Scraped caption text data
★ ★ ★ ★ ★
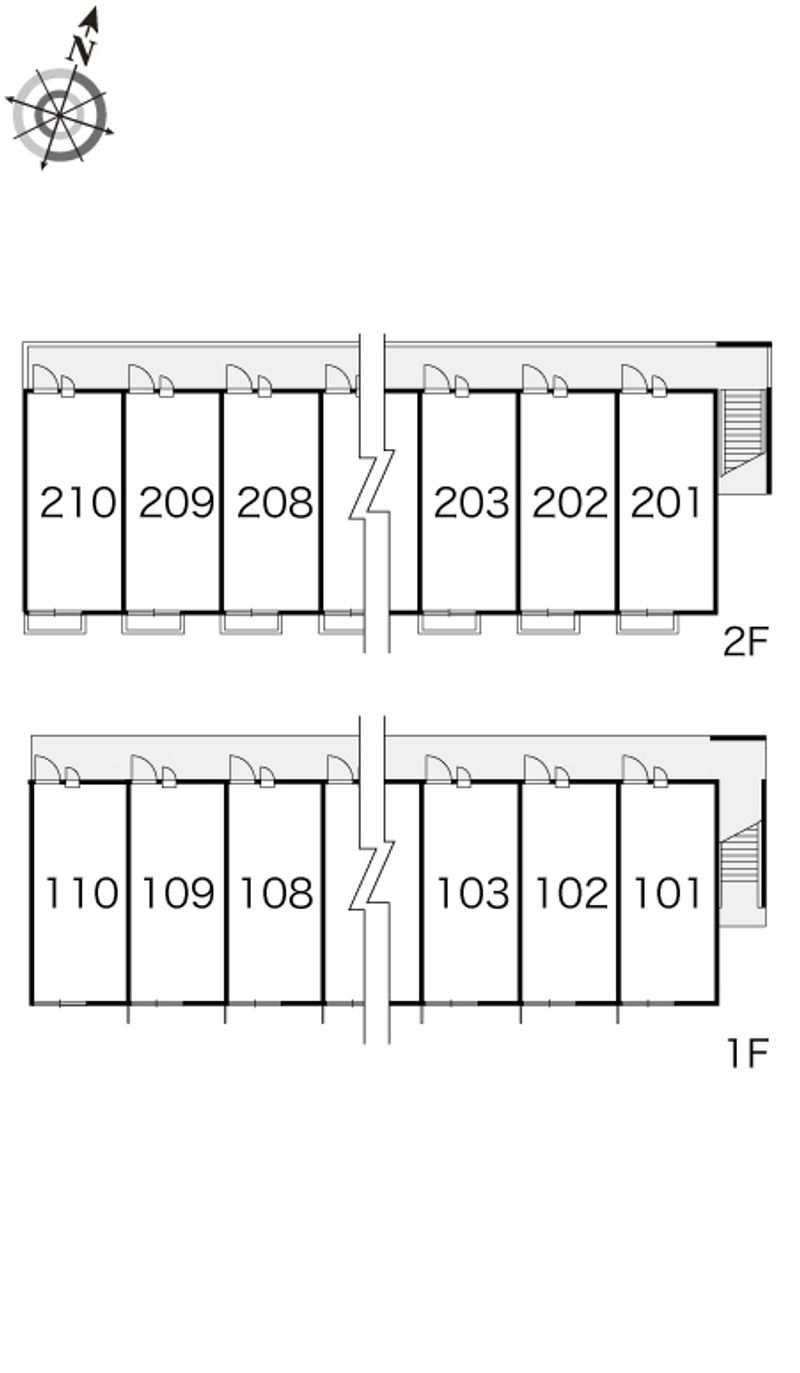 レオパレスたくまひがし 間取配置図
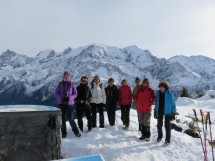 Snowshoes hike on the Prarion (Saint-Gervais) Picture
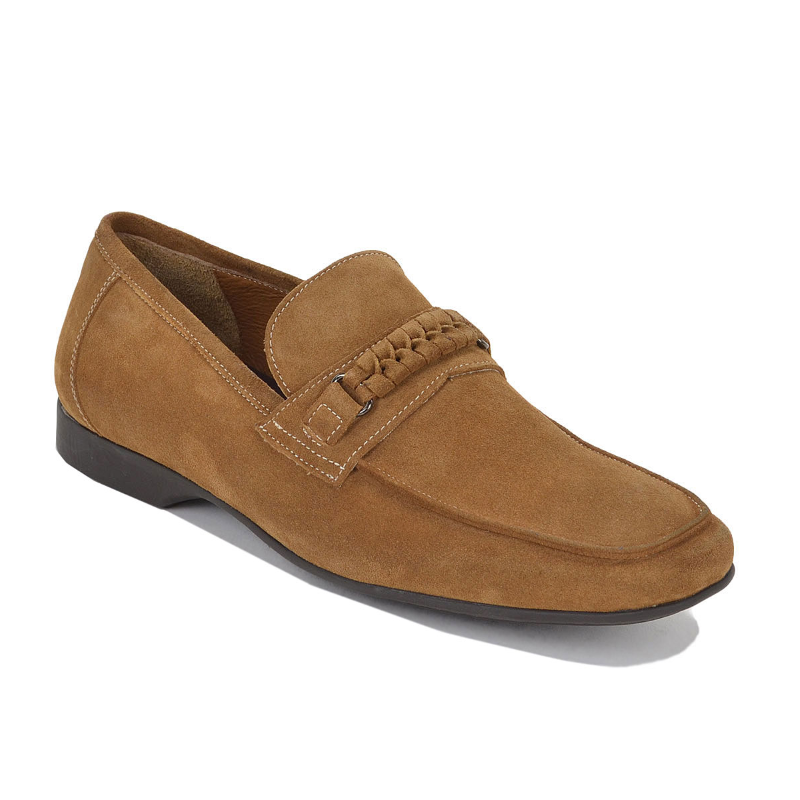 Bruno Magli Lorenzo Suede Casual Loafers Whiskey Image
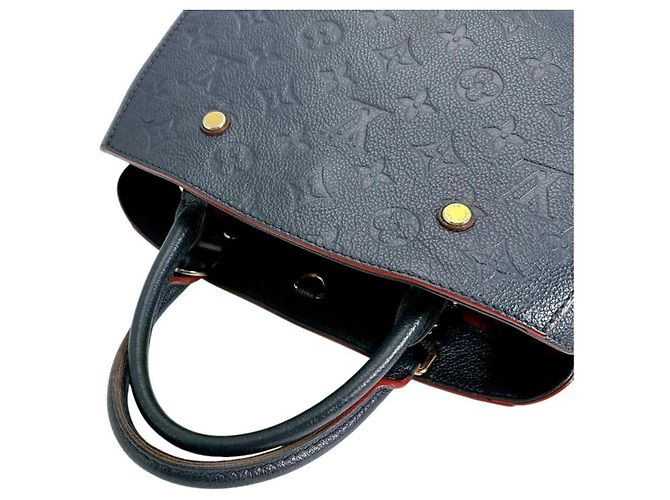 Borsa a Spalla Montaigne BB di Louis Vuitton Rosso - vista 8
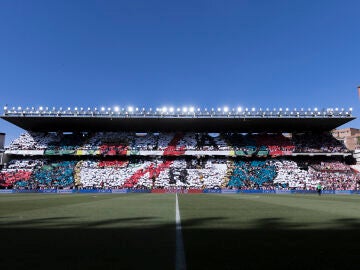 Una imagen del Estadio de Vallecas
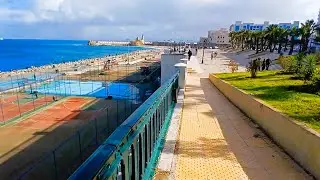 تابعو جولة رائعة بالكورنيش العلوي في باب الواد بعد الاظطراب الجوي الأخيرCORNICHE SUP KITANI KAA SOUR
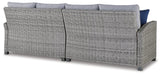 Naples Beach Outdoor Right and Left-arm Facing Loveseat with Cushion (Set of 2) - Affordable Home Luxury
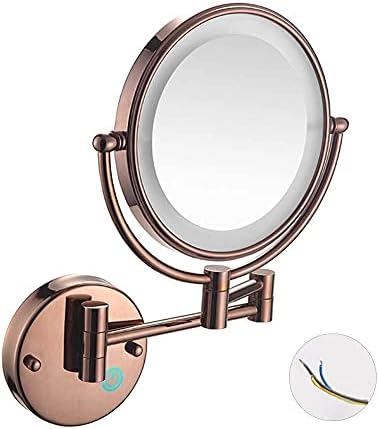 Wall-Mounted Vanity Mirror Rose Gold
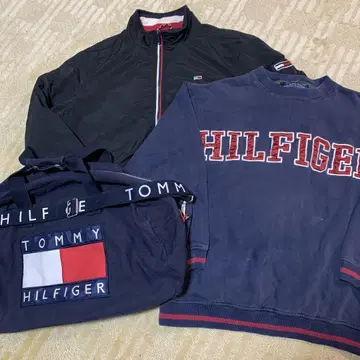 TOMMY JEANS 점퍼 L & 트레이너 M & 백 3점 세트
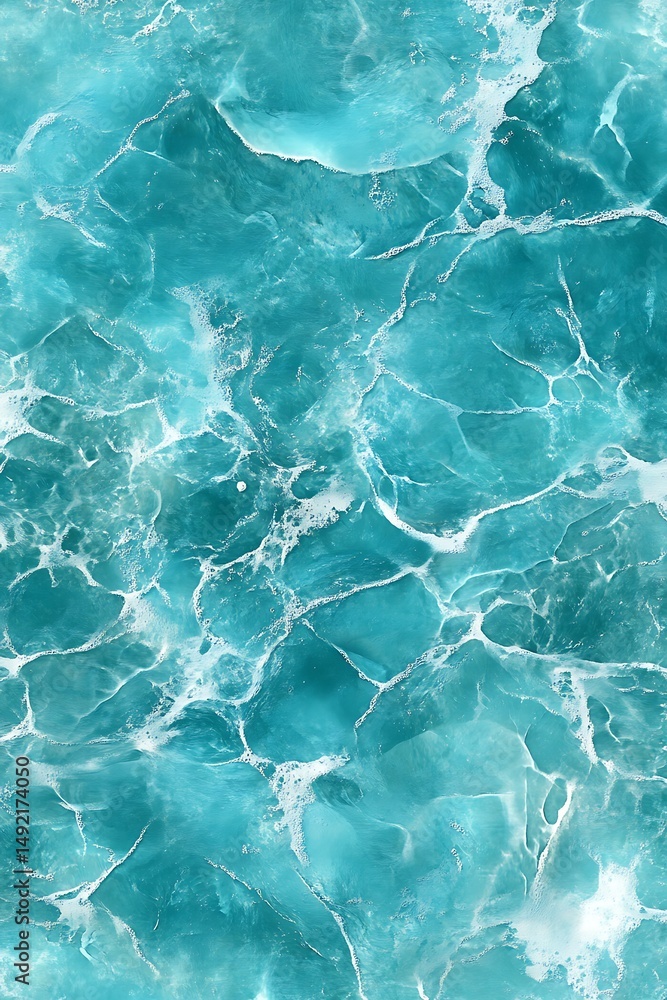 Obraz premium blue water background
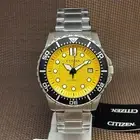 Citizen NJ0170-83Z Yellow Analog Automatic Stainless Steel Men's Classic Watch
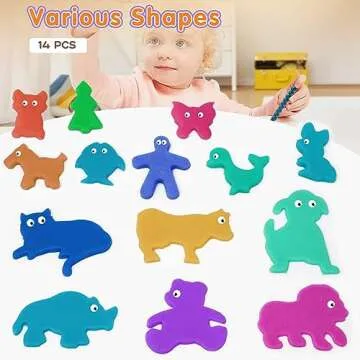 Cute Dough Tool Set for Kids | Educational Fun Toys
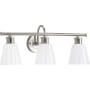 Progress Lighting Ashford 3 Light 24" Wide Bathroom Vanity Light Brushed Nickel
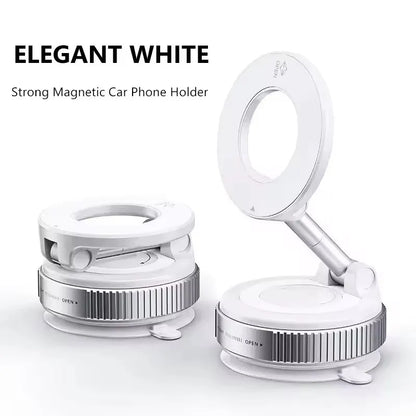 Vacuum Magnetic Car Phone Holder 360 ° Adjustable Suction Cup Holder Magnetic Car Phone Holder Pocket Sized Foldable Car Holder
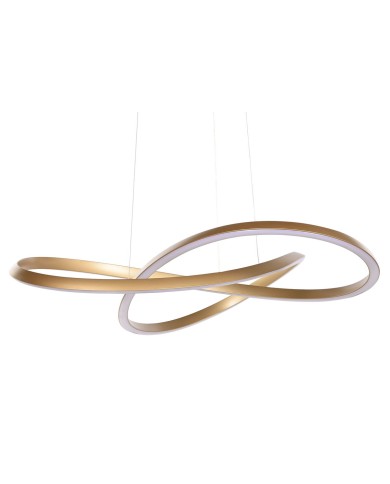 Lampadario Home ESPRIT Bianco Dorato Silicone Alluminio 55 W 80 x 80 x 20 cm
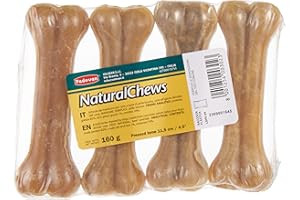 PADOVAN Osso da Masticare per cani a base di pelle bovina - 11,5 cm - pacco da 4 pezzi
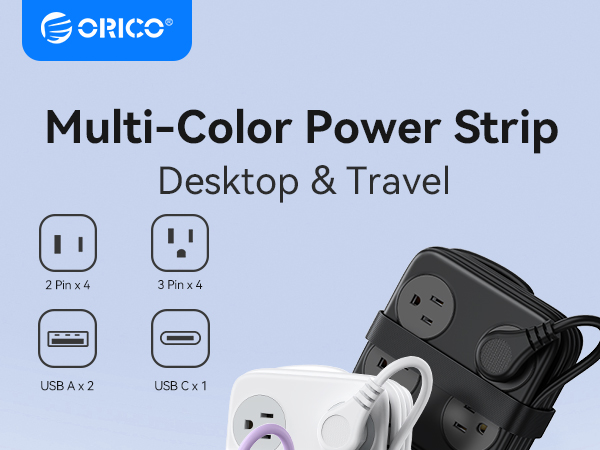 power strip travel power strip flat plug power strip power strip with usb ports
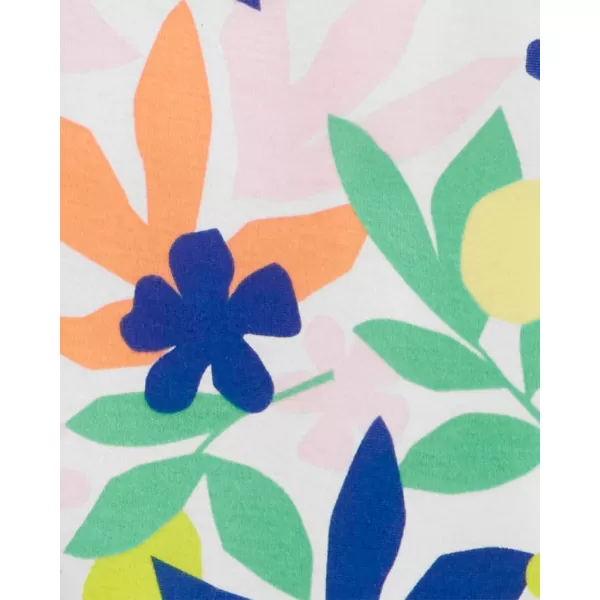 CARTER'S Set 3dielny body kr. rukáv, tričko kr. rukáv, kraťasy Orange Flower holka 3m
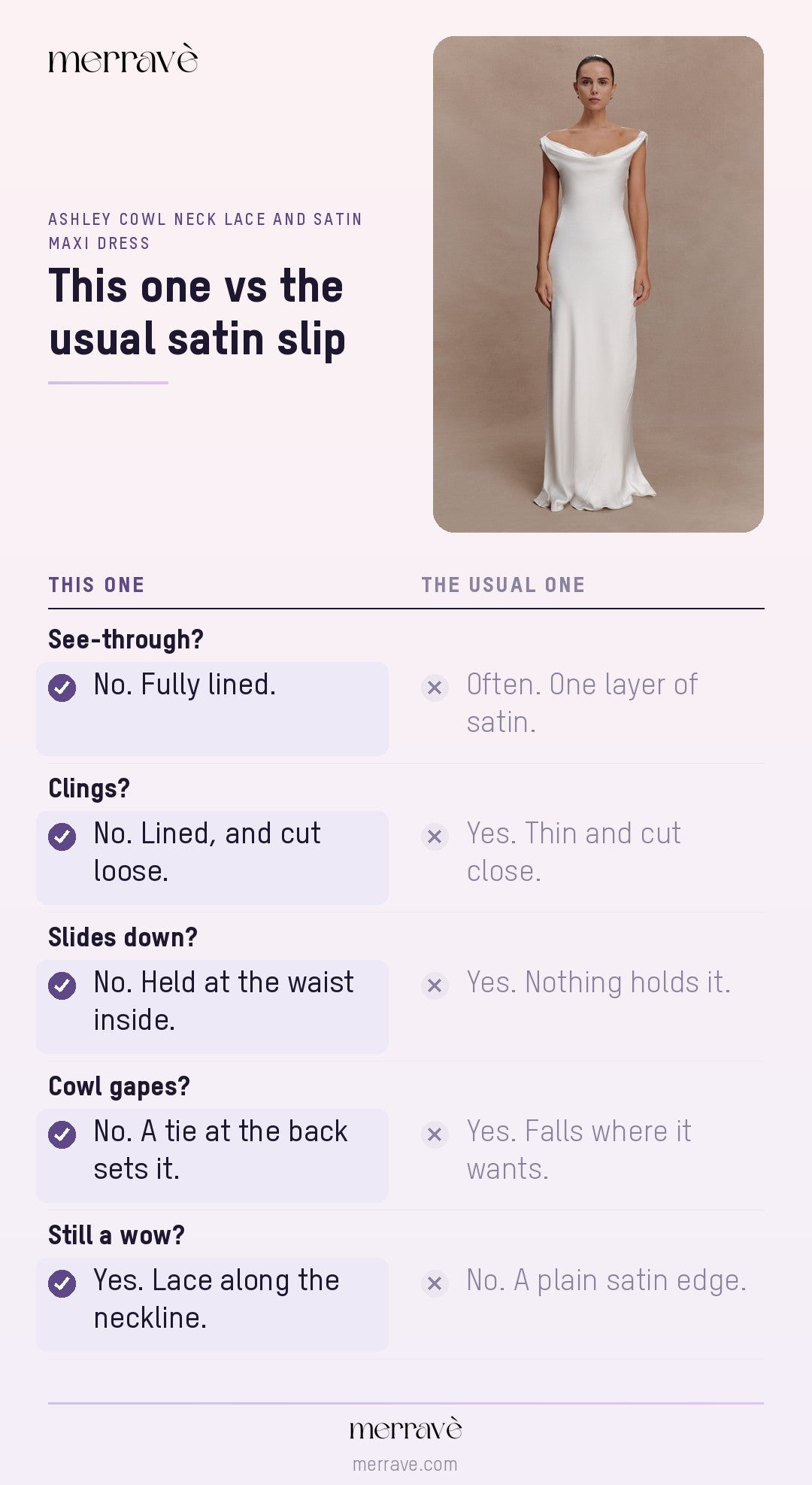 This one vs the usual satin slip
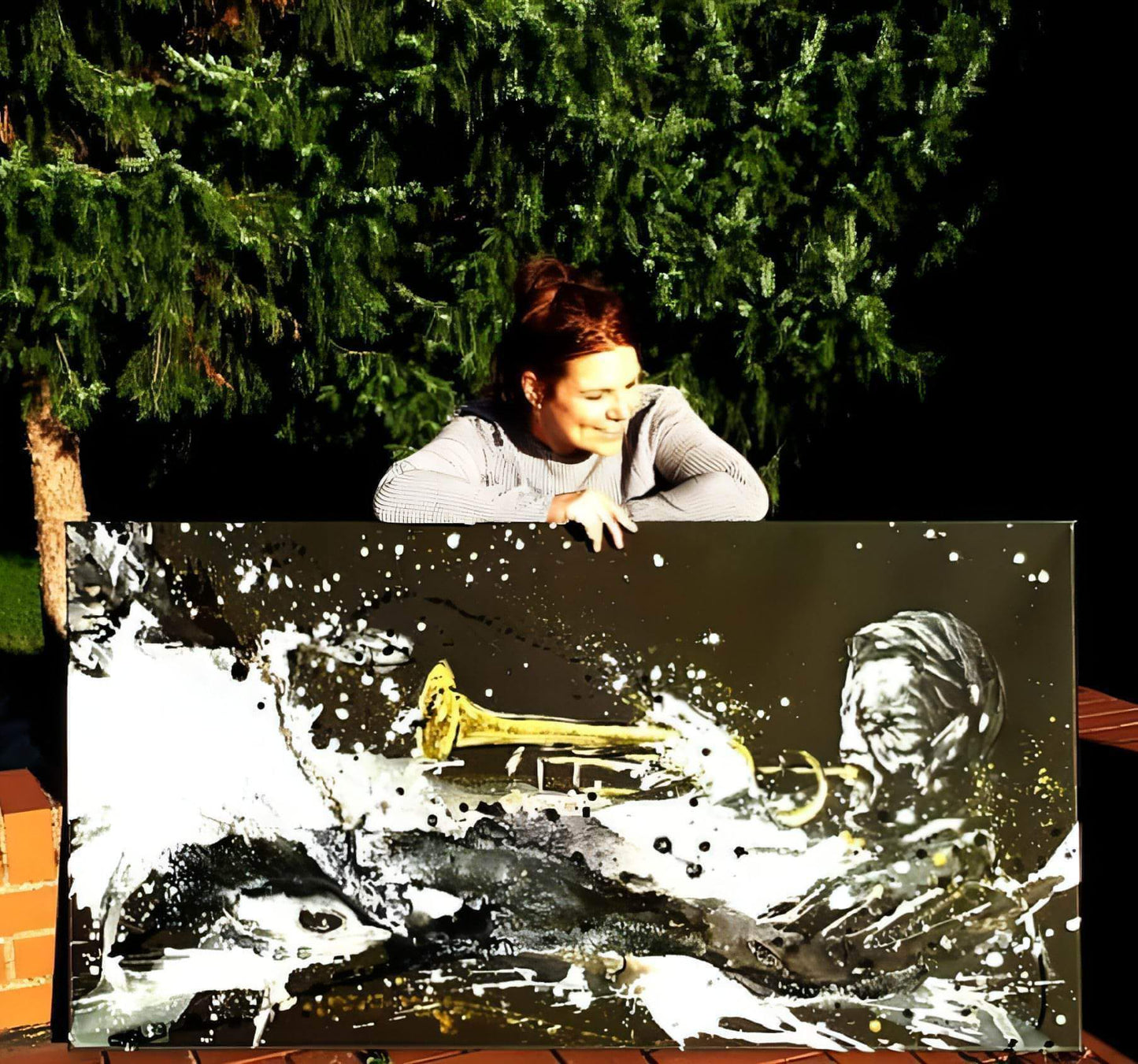 100 x 100 cm / s/w / Keilrahmen auf Leinwand gezogen, 140 x 100 cm / s/w / Keilrahmen auf Leinwand gezogen, 160 x 100 cm / s/w / Keilrahmen auf Leinwand gezogen, Panoramaformat 200 x 70 cm / s/w / Keilrahmen auf Leinwand gezogen abstrakte acrylbilder auf leinwand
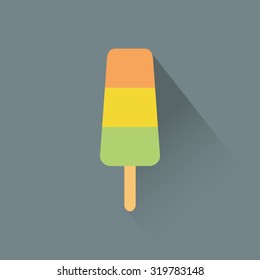 Isolated candy icon on a grey background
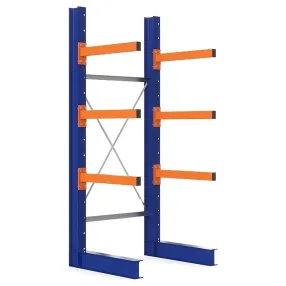 стеллаж консольный односторонний 2500х1064х720 (3 яруса + основание)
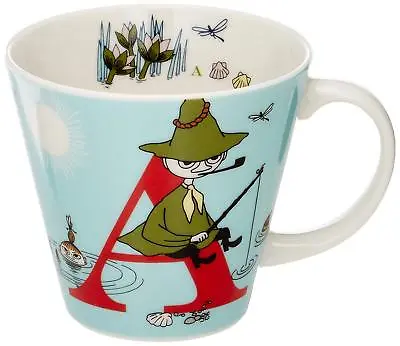 Moomin Initial Mug Cup A MM630-11A Snufkin Yamaka From Japan • $28.92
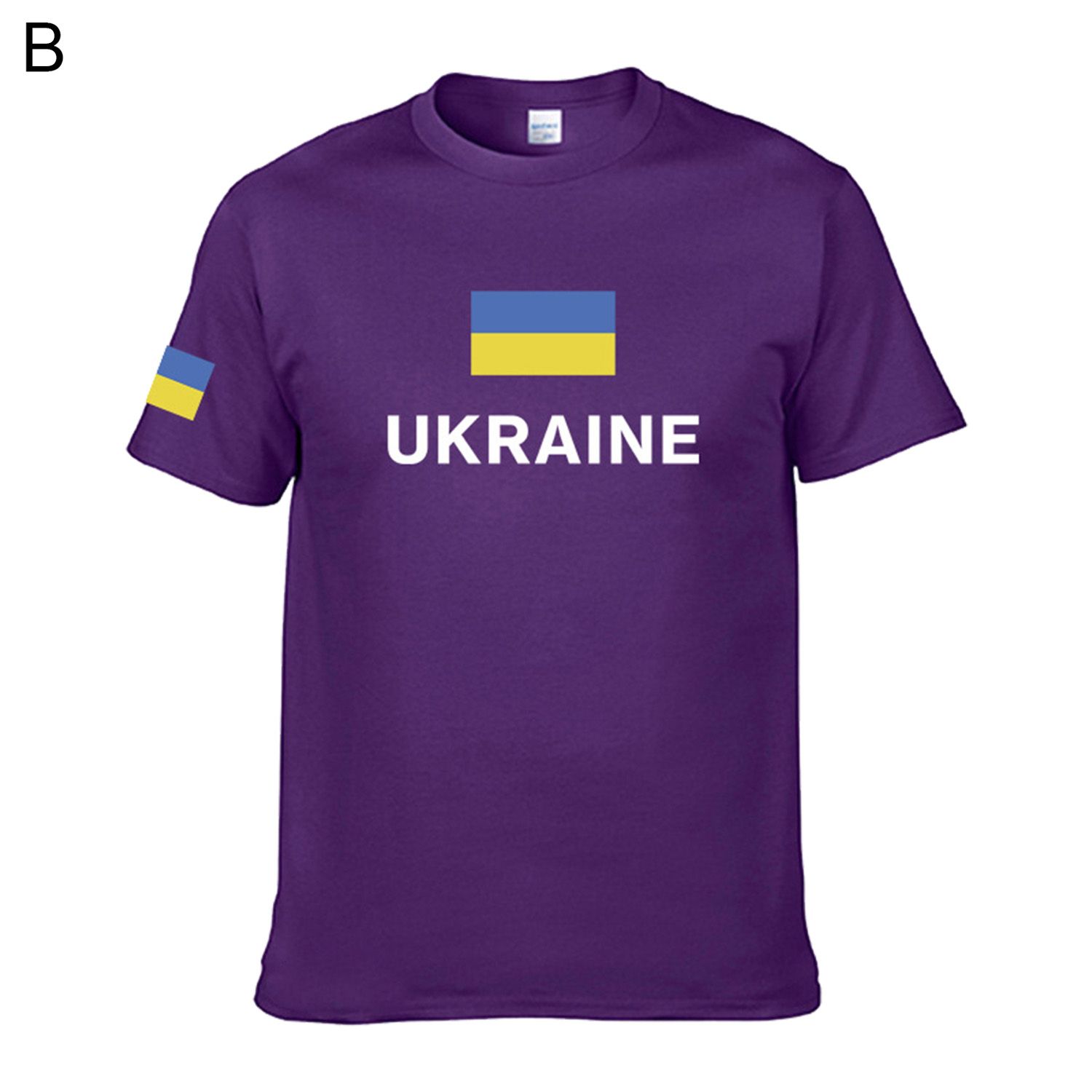Summer T Shirt Breathable Flag of Ukraine Male Pullover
★ ★ ★ ★ ★
Find the line containing "Isolated candy icon on a grey background" in the records above, then copy it and every line after it exactly, through the last one, without any pictures.

> [RESPONSE TO THE EXERCISE]
 Isolated candy icon on a grey background
 стеллаж консольный односторонний 2500х1064х720 (3 яруса + основание)
 Moomin Initial Mug Cup A MM630-11A Snufkin Yamaka From Japan • $28.92
Summer T Shirt Breathable Flag of Ukraine Male Pullover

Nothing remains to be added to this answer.